Of course, the administration hates to see successful businesses. To start with, there’s talk of potentially abandoning a 25-year-old program that allows higher line speeds in processing plants, potentially leaving the U.S. trailing behind global competitors. Naturally, the calls are over alleged “safety concerns, even though In places like Canada, Europe, South America, and Asia, similar equipment operates at significantly higher line speeds without any notable food safety or worker safety issues.
But the anti-chicken saga doesn’t end there. The administration recently set its sights on the pervasive chicken mafia. The U.S.D.A. has partnered with attorneys general from 31 states and the District of Columbia, aiming to “boost competition” and “safeguard consumers” in food and agriculture markets. This coalition is targeting alleged “anticompetitive” practices in agriculture and related sectors, practices that, according to the administration, have been driving up prices and limiting choices for consumers and producers alike.

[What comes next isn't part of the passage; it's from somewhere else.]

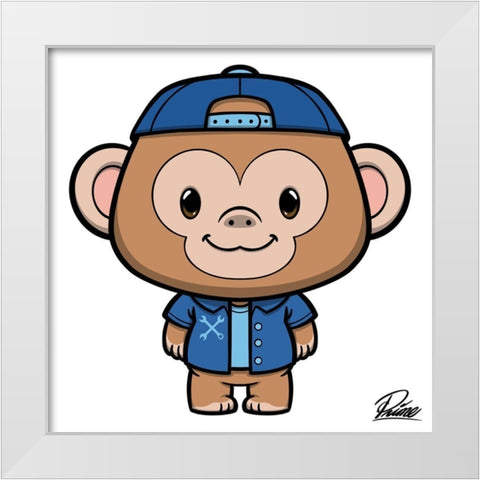 Ramsey Monkey White Modern Wood Framed Art Print by Prime, Marcus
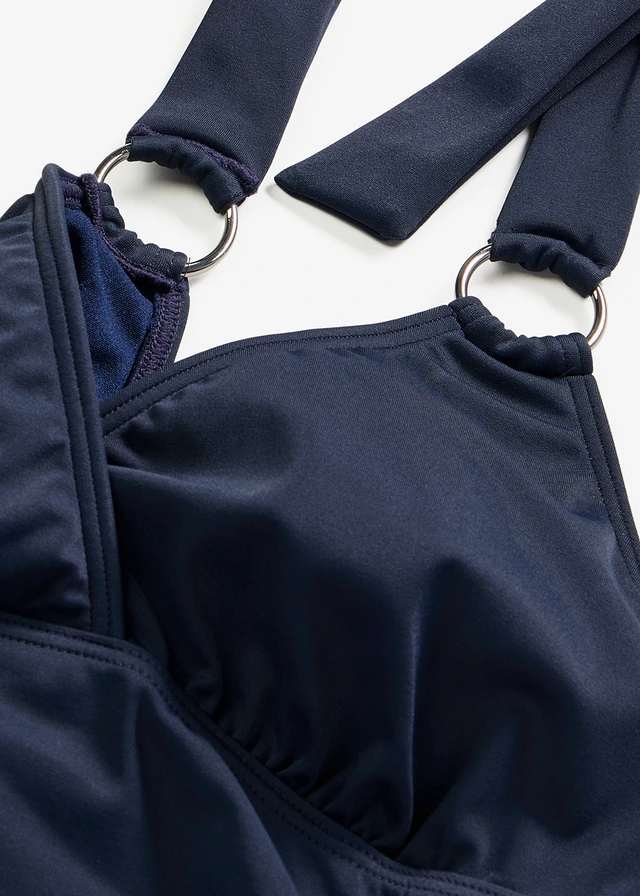 Halter badpak met ringdetail • donkerblauw • product-page.page-title-suffix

But fear not, America. The same governmental agency that hampered your ability to buy affordable poultry products has given the go-ahead for cultivated chicken, or “lab meat.” Laboratories in California (where else?) are now cleared to “grow” chicken and other meat products in petri dishes. Josh Tetrick, co-founder of Eat Just, announced that his company, along with Upside Foods, has received federal inspection approval for selling meat and poultry in the U.S.
However, these products are currently more expensive than conventionally farmed meat and cannot yet be produced at the same scale. They will be debuting in restaurants before making it to the grocery shelf.
As the chicken industry faces turbulent times and the government dabbles in “lab meat,” consumers will increasingly find their feathers ruffled by unrelenting inflation. As Biden will find out in the 2024 election, Bidenomics is nothing to crow about.